Task item: Repeat the listing below line by line, exactly, leaving its pictures behind.
#### Raw data
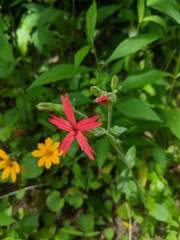 Silene virginica robusta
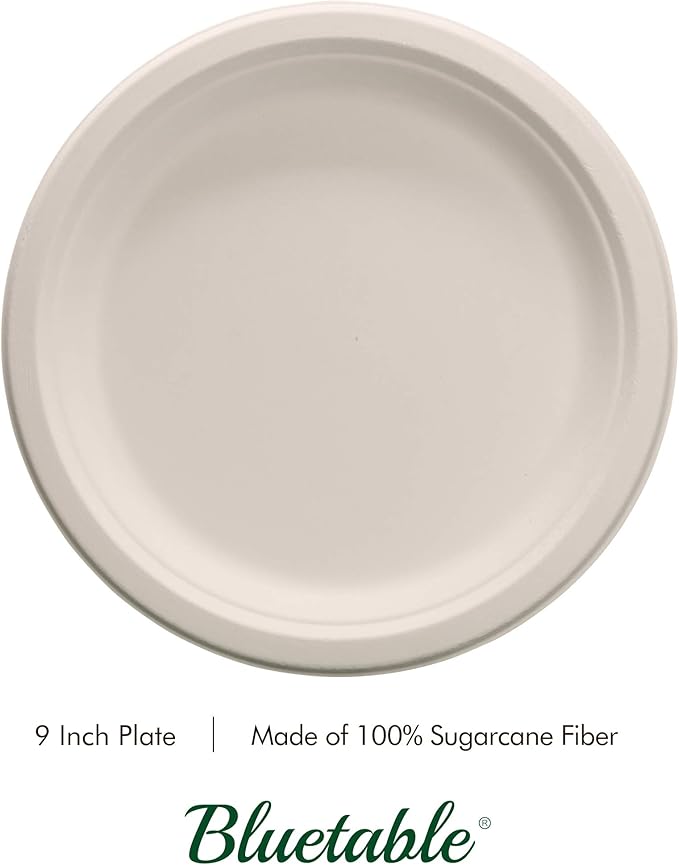 Compostable Paper Plates 9 Inch Bulk Plates [500 Case Pack] - Biodegradable Made from 100% Sugarcane - Heavy Duty Disposable - Eco Friendly - Bagasse Dinner Plates Natural Recycled Plate [500 Case]
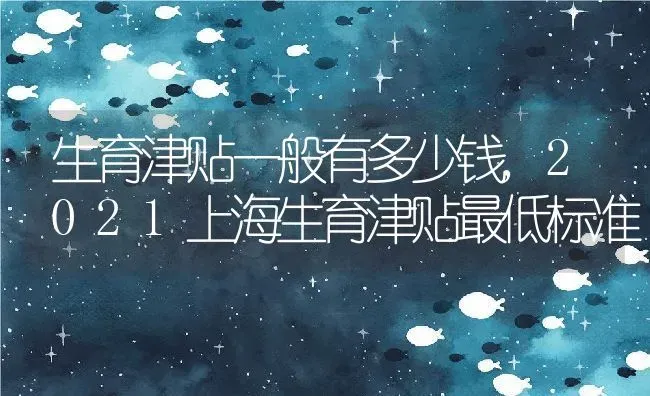 生育津贴一般有多少钱,2021上海生育津贴最低标准 | 养殖学堂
########
Answer section:
 Silene virginica robusta
 Compostable Paper Plates 9 Inch Bulk Plates [500 Case Pack] - Biodegradable Made from 100% Sugarcane - Heavy Duty Disposable - Eco Friendly - Bagasse Dinner Plates Natural Recycled Plate [500 Case]
 生育津贴一般有多少钱,2021上海生育津贴最低标准 | 养殖学堂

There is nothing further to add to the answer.